ChippingIn · 25/01/2009 23:21

Weetie, YearOfTheCat, MillyR - LOL my kind of gals

Ahem... Ahem... I think you might just be leaving someone off your list who wants to be on it

weetimorousdizzybeastie · 25/01/2009 23:25

kitkatqueen, these are isolated tragic incidents, sad as they are

am sure that the police will have tried to find owner of veh before windows smashed and SS called - it must have been left in veh for a length of time, not 5 minutes for a school run

I don't know about you but the amount of people who would be willing to smash a car window to steal £10k left out on view would be a hell of a lot higher than the few that are out to steal children - its not about the childs worth, that is a ridiclious comparison

my friends washing machine went on fire and they barely escaped their house, their baby was asleep in his own room, unattended overnight whilst they slept in their - faults also happen but once again not every day occurrence

you can make a bad example out of anything but it is not unreasonable to believe that you child will be safe for only 5 minutes - am sure as with any parent the OP will have carried out a sub consious risk assessment of the situation and deemed it safe enough to run in and run out

and if that is the case then I am no longer crossing a road/answering the door or going on a plane ever again

if you choose not to do so with your children then that it also alright but I, and a few others are of the belief that the world will continue to be a good, safe place thanks to the sensible judgement of our parenting skills

Tortington · 25/01/2009 23:29

i might nick 10k - i wouldnt nick a child - they cost more in the long run.

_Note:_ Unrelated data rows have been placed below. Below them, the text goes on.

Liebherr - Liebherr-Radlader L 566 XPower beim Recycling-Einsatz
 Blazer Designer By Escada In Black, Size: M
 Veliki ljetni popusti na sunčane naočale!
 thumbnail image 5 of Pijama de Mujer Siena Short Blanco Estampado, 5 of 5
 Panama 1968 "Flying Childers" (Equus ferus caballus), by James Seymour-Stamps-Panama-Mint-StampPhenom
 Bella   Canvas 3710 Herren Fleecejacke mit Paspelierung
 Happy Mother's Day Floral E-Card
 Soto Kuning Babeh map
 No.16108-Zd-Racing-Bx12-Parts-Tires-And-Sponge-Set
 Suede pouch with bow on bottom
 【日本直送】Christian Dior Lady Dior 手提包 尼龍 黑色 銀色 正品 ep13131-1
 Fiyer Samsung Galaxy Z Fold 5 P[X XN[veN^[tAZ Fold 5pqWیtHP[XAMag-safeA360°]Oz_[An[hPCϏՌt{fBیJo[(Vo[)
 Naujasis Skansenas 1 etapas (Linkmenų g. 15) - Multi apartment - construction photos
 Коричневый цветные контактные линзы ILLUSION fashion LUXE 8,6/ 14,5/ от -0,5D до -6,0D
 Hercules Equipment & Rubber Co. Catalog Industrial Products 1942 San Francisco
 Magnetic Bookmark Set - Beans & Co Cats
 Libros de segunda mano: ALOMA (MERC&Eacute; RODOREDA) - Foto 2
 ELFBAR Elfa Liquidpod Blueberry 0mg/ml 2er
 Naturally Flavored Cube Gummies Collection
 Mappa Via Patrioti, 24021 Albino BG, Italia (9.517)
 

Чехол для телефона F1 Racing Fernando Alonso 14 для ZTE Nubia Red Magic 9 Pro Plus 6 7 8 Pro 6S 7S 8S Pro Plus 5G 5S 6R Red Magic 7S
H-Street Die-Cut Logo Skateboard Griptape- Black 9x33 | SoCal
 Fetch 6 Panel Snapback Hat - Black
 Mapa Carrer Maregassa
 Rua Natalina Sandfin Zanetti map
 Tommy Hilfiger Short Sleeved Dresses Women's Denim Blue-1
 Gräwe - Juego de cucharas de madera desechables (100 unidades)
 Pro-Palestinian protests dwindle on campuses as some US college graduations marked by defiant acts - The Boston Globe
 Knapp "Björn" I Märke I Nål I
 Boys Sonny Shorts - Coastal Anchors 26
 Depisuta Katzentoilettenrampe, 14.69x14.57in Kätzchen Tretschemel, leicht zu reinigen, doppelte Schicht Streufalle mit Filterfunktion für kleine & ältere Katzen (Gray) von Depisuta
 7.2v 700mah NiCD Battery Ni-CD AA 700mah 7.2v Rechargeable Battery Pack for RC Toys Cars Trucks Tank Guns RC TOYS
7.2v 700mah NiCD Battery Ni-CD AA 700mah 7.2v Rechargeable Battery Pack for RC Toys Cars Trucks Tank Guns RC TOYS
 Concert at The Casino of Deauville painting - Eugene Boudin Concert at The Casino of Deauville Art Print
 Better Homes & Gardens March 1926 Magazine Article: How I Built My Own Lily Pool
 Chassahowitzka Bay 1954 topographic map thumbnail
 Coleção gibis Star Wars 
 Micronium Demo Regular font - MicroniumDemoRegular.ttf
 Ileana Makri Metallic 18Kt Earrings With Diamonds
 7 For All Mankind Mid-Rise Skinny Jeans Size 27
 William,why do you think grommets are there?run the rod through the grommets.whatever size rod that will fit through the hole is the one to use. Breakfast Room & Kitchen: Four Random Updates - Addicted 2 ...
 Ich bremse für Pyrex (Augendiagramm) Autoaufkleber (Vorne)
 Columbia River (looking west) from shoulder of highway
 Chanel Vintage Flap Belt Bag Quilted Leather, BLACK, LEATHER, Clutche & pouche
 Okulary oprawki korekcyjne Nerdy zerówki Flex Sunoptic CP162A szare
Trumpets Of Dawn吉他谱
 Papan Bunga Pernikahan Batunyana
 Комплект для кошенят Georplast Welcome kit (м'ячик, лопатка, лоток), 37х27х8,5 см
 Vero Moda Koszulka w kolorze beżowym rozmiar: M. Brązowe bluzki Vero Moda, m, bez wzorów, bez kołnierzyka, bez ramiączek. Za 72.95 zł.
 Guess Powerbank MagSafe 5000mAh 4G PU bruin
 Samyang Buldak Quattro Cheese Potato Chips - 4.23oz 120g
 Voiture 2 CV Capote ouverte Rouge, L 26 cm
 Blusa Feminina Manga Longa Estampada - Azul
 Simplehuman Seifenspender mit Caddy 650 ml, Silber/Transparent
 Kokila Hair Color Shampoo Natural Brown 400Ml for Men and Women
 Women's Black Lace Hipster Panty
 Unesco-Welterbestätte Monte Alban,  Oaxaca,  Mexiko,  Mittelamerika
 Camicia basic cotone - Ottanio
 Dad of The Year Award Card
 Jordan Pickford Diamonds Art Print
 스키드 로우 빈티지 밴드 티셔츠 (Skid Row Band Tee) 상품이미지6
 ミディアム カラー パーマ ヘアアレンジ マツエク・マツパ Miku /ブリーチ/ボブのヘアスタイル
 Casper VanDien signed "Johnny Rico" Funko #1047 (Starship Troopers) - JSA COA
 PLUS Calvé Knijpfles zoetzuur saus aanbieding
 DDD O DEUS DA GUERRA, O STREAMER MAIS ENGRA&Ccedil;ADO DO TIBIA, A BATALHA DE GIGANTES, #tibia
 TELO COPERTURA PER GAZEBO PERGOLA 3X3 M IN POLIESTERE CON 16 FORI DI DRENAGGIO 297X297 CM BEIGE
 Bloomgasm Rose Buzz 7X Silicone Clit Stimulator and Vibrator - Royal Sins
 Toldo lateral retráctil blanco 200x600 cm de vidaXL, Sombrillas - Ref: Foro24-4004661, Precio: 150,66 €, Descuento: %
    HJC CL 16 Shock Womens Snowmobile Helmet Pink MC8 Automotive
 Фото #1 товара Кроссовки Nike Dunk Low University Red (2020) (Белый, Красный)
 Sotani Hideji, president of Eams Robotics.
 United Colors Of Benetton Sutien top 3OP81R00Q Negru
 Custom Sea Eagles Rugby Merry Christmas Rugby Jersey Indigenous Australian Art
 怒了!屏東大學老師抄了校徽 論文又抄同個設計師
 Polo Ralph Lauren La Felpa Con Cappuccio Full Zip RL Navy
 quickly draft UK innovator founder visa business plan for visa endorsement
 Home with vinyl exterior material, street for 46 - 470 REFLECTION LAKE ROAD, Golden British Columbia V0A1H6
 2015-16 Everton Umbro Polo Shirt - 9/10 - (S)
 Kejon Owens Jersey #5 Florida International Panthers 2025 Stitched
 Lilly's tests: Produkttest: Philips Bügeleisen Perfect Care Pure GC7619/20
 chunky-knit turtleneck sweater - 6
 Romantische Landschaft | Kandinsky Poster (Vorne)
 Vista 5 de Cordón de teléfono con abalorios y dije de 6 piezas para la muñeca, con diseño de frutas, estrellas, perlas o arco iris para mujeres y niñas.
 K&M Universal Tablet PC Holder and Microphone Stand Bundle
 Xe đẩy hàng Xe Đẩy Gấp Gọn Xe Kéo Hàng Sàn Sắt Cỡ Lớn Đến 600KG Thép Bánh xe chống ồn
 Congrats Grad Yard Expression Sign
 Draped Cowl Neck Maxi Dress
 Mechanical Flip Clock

ChippingIn · 25/01/2009 23:31

KitKatQueen - this is how it was reported in the papers (not exactly reliable I know, but do you know otherwise??)and even if he was alone, how would it have helped for someone to be with him (as it actually seems was the case anyway and unfortunately it didn't help him).

Mrs Woods, who was with Finlay when the four-wheel-drive vehicle mounted the kerb, said: "It's brought it all back today."

The couple have three other children - Livvy, seven, Dillon, five, and Harvey, four.

Mrs Woods said: "Harvey witnessed it, he has flashbacks, episodes of rage. The other two are quite withdrawn, they don't really speak about it."

I know plenty of Mums who would break my back window for £10,000!! But are not bloody likely to take another child while doing the damn school run!! (Before the flaming starts I am just kidding!!!!!!!)

In another incident a toddler was so distressed alone in a parked car the windows were smashed and police and ss called.

Hmmm kind of our point - how long was the person gone for? The 5 min school run or the afternoon in the pub??? HUGE difference.

weetimorousdizzybeastie · 25/01/2009 23:34

chippingIn considered yourself 'listed'

bed for me, I've got the school run in the morning

ChippingIn · 25/01/2009 23:41

Weetie - Enjoy the Monday morning school run!!!